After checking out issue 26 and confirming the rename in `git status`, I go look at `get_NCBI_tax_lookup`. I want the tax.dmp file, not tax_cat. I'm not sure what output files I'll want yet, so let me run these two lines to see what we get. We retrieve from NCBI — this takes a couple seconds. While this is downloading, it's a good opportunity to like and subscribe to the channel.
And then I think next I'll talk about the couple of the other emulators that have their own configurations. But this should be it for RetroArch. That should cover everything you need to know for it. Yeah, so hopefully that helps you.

□ □ □ □ □

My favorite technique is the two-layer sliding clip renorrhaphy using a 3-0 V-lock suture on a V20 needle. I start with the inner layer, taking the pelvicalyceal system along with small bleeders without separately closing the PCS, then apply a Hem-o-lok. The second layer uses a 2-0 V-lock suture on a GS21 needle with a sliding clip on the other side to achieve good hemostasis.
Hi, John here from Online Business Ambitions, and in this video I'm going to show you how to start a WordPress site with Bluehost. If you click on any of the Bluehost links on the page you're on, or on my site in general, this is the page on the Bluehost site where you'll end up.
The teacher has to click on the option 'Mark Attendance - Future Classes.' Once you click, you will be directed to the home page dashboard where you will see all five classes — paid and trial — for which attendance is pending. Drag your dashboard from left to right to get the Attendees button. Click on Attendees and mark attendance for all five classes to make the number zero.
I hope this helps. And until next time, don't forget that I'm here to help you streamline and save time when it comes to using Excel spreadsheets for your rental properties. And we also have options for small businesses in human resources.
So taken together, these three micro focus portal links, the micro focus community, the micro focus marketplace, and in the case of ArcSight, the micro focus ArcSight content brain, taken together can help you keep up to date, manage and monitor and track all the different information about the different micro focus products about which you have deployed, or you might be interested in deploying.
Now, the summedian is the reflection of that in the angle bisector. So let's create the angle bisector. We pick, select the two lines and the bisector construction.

□ □ □ □ □

# WORK INSTRUCTION
All lines above from the line with "Hi, John here" through the line with "I hope this", both included, are to be set down exactly, with nothing else.

# ANSWER SPACE
Hi, John here from Online Business Ambitions, and in this video I'm going to show you how to start a WordPress site with Bluehost. If you click on any of the Bluehost links on the page you're on, or on my site in general, this is the page on the Bluehost site where you'll end up.
The teacher has to click on the option 'Mark Attendance - Future Classes.' Once you click, you will be directed to the home page dashboard where you will see all five classes — paid and trial — for which attendance is pending. Drag your dashboard from left to right to get the Attendees button. Click on Attendees and mark attendance for all five classes to make the number zero.
I hope this helps. And until next time, don't forget that I'm here to help you streamline and save time when it comes to using Excel spreadsheets for your rental properties. And we also have options for small businesses in human resources.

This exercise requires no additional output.